ETA: And I kept thinking...You know, maybe she's right...I also have depression and am on Prozac...so that could be a part of it...and I'm not so young any more...42...but things have only gotten worse. Especially the brain fog in addition to the fatigue. It is absolutely scary what I can manage to forget in 10 seconds. I feel like I'm 108 years old.  I don't want to feel helpless any more!!!

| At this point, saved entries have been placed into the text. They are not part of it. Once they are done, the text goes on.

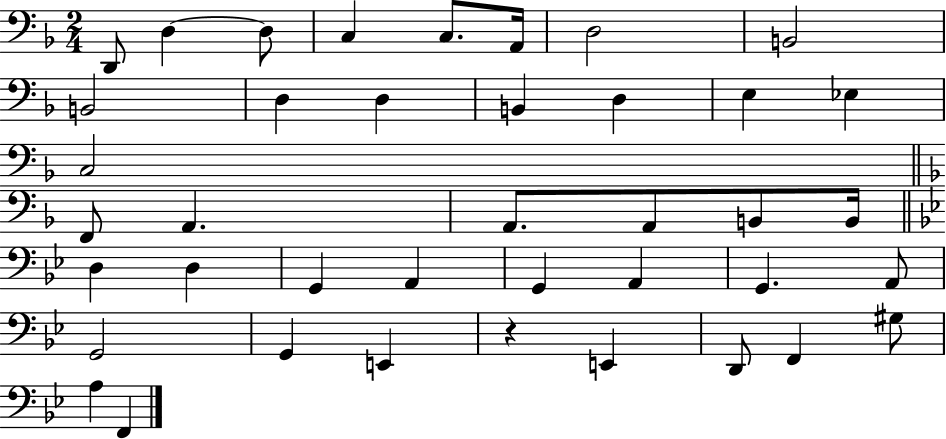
{
  \clef bass
  \numericTimeSignature
  \time 2/4
  \key f \major
  \repeat volta 2 { d,8 d4~~ d8 | c4 c8. a,16 | d2 | b,2 | \break b,2 | d4 d4 | b,4 d4 | e4 ees4 | \break c2 | \bar "||" \break \key f \major f,8 a,4. | a,8. a,8 b,8 b,16 | \bar "||" \break \key g \minor d4 d4 | g,4 a,4 | g,4 a,4 | g,4. a,8 | \break g,2 | g,4 e,4 | r4 e,4 | d,8 f,4 gis8 | \break a4 f,4 | } \bar "|."
}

So more months went by and then finally this past week I couldn't take it any more and that's when I called for an endo referral.


----------



## Andros (Aug 26, 2009)

MelanieH said:


> You are. I went back to her in, I think, July or August--I can't remember now, everything's foggy on that--and I was almost crying. I told her I was soooooooo tired and I needed help. She looked at my two very active younger children and said if she had children that age and that active she'd be tired too. I asked whether we could do more tests and she said it really wasn't necessary.
> 
> ETA: And I kept thinking...You know, maybe she's right...I also have depression and am on Prozac...so that could be a part of it...and I'm not so young any more...42...but things have only gotten worse. Especially the brain fog in addition to the fatigue. It is absolutely scary what I can manage to forget in 10 seconds. I feel like I'm 108 years old.  I don't want to feel helpless any more!!!
> 
> So more months went by and then finally this past week I couldn't take it any more and that's when I called for an endo referral.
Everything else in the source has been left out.